[Start of Attachment]

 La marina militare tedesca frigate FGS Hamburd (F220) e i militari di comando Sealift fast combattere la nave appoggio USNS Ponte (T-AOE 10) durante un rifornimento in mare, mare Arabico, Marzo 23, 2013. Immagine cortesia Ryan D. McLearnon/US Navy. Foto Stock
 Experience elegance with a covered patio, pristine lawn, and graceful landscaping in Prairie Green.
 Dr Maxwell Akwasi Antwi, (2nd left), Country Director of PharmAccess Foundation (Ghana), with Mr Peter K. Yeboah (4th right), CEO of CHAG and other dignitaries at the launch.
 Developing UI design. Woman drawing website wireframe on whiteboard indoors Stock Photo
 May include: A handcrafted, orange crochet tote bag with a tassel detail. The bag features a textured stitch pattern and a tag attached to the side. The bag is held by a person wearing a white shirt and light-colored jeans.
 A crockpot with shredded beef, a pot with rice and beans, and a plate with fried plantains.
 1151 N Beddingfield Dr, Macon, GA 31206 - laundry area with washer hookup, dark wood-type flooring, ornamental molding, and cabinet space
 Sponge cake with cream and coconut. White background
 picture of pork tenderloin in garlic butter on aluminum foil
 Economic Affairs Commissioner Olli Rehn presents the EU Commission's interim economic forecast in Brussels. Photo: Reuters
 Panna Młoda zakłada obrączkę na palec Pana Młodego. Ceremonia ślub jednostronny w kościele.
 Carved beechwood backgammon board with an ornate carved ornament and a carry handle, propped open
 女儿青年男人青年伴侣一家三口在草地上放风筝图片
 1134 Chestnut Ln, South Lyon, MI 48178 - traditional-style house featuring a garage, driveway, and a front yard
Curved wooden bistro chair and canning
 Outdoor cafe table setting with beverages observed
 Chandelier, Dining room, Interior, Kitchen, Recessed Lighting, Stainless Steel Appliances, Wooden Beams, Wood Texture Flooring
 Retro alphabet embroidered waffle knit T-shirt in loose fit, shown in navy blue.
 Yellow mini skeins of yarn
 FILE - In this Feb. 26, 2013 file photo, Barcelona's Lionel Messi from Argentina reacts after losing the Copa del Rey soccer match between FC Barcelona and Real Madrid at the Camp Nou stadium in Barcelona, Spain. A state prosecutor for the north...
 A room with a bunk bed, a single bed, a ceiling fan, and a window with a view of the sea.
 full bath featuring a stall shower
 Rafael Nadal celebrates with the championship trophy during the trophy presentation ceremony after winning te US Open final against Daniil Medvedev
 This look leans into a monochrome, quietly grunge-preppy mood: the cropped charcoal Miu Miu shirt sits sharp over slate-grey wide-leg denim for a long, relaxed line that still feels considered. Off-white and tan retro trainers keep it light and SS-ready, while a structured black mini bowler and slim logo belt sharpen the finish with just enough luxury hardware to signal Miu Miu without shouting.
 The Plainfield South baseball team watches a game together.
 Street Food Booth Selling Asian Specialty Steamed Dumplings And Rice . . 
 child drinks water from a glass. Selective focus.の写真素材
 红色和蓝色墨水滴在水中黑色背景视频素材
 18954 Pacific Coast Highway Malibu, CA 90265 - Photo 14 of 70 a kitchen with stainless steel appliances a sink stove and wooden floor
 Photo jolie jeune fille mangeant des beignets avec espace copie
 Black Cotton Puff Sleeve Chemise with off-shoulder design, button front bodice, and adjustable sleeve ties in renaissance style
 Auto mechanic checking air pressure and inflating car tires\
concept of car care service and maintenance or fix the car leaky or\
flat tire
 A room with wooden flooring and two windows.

[End of Attachment]

§ WHAT THE TASK REQUIRES: Check each line of the entries for "after" and copy those that have it.

§ EXERCISE RESULT:
 FILE - In this Feb. 26, 2013 file photo, Barcelona's Lionel Messi from Argentina reacts after losing the Copa del Rey soccer match between FC Barcelona and Real Madrid at the Camp Nou stadium in Barcelona, Spain. A state prosecutor for the north...
 Rafael Nadal celebrates with the championship trophy during the trophy presentation ceremony after winning te US Open final against Daniil Medvedev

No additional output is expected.